March proved to be a particularly busy month for the diplomatic activity of Japan and its Prime Minister Fumio Kishida. On March 16, the Japanese PM received South Korean President Yoon Sook-Yeol in Tokyo. Then Kishida traveled first to Delhi, where he discussed security and cooperation in the Indo-Pacific with Indian counterpart Narendra Modi, and finally to Kiev where he met with President Volodymyr Zelensky.

The intensive diplomatic agenda serves to implement the principles laid out in the National Security Strategy (NSS), published in December 2022. In particular, the NSS expresses Japanese concern over the increasing security challenges in the Indo-Pacific related to the political and military activism of China, North Korea, and Russia. In this context, the summits held by Kishida aimed to strengthen relations with partner countries in both the economic and military fields. Indeed, Tokyo’s intention is to create a group of aligned countries capable of responding to any attempts to change the status quo in the Indo-Pacific region, Japan’s primary interest. At the same time, the broader goal is to position itself clearly in an international context that is sliding more and more toward potential bloc confrontation.

Specifically, the meeting with South Korean President Yoon aims to end a period of as many as 12 years in which there have been no visits to the respective countries by top officials. It is, therefore, a meeting with strong symbolic value that tries to relax the complex bilateral relations. For some time now, Kishida and Yoon have shown their willingness to work toward a rapprochement between the two countries. To this end, Seoul had announced on March 5 the creation of a fund to provide compensation to the families of South Korean workers for labor exploitation during the Japanese occupation between 1910 and 1945. A key role in the ongoing détente process is played by the growing North Korean threat. Pyongyang, in fact, continues into 2023 the dense series of ballistic missile launches that began last year in which it had testet approximately 90 missiles, most of which have ended up in the Sea of Japan. In addition, it is important to note the growing US pressure intended to foster dialogue between Tokyo and Seoul, which has resulted in a series of joint military exercises in the skies over the Korean Peninsula and the Sea of Japan aimed at countering the North Korean threat.

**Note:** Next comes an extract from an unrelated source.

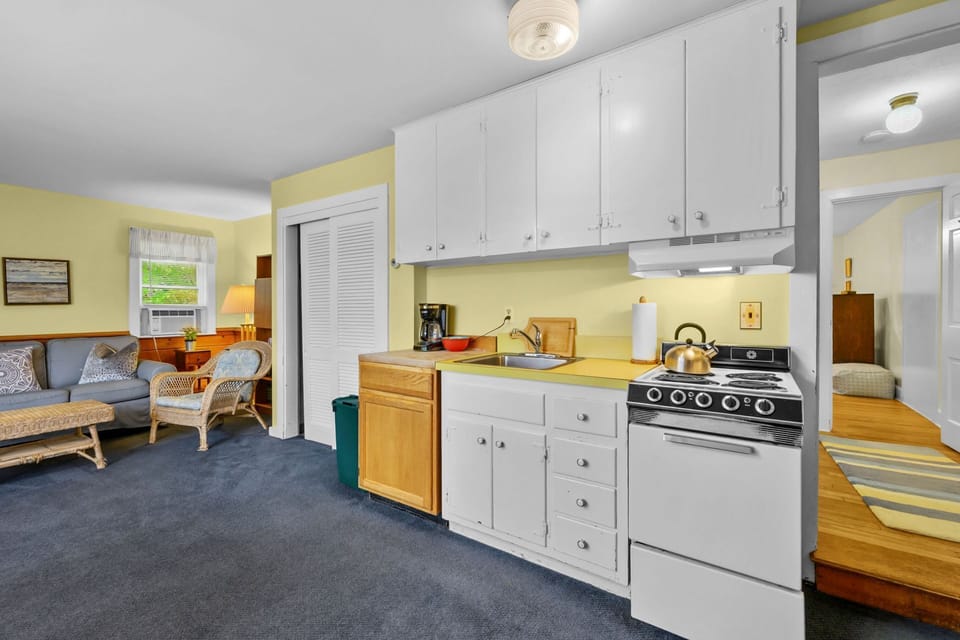 Step down to the kitchen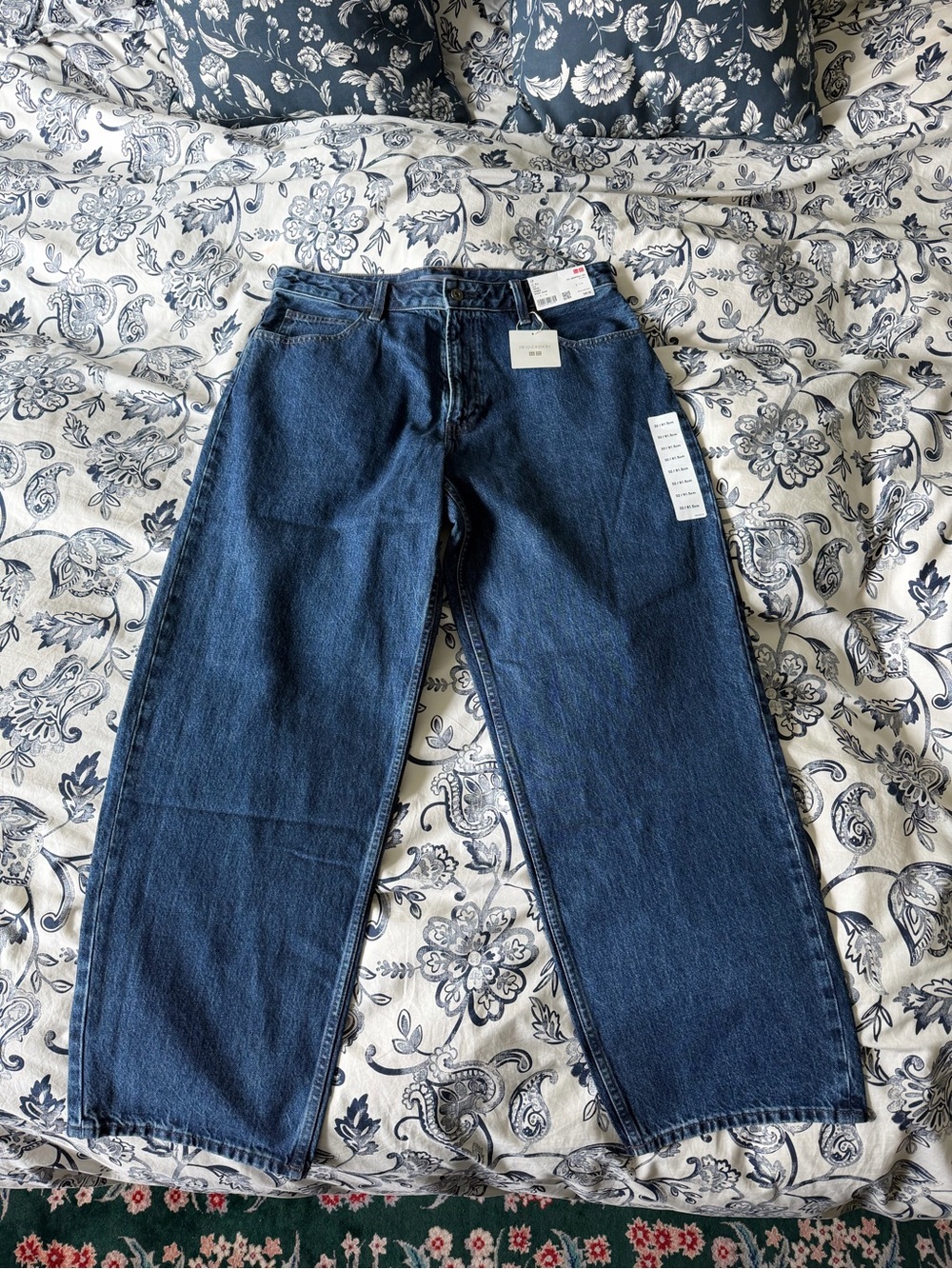 Uniqlo Women's Relaxed Jeans in Dark Blue Denim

However, the March 16 meeting is only the beginning of a journey that would have to continue in the medium to long term before it can bring relevant results. Indeed, relations between South Korea and Japan remain quite complicated, and strong contrasts rooted in history die hard. In this regard, we note the cold reaction of the South Korean public to the Tokyo meeting. Notably, opposition segments took to the streets to express their disappointment, and the leader of the Democratic Party of Korea, Lee Jae-myung, called the March 16 meeting one of the most humiliating moments in South Korean history. Indeed, from the opposition’s perspective, there is no sign of Tokyo’s long-awaited apology for what happened during the occupation.

Despite the difficulties described, the Tokyo meeting was important from the standpoint of bilateral economic cooperation. Indeed, Yoon was accompanied on the trip by a delegation of CEOs from major South Korean companies, including Samsung Electronics, Hyunday and SK Group. According to official statements, there emerges a willingness to overcome the impasse due to the clash over chips that arose when, in 2019, the Japanese government led by Shinzo Abe imposed restrictions on exports to Seoul of certain substances such as hydrogen fluoride and photoresist material, which are crucial in semiconductor production. Such actions had even prompted Seoul to proceed against Tokyo at the International Trade Organization.

During his two-day visit to Delhi, Kishida reiterated the need to strengthen bilateral relations and promote the vision of a “Free and Open Indo-Pacific” (FOIP). This framework dates back to the Abe-led government, which aimed to create a series of connections between ideologically like-minded countries aimed at strengthening military and economic partnerships through investment funds. The goal of this plan is also to counter China’s Belt and Road Initiative (BRI) by seeking to limit Beijing’s influence in the Indo-Pacific region.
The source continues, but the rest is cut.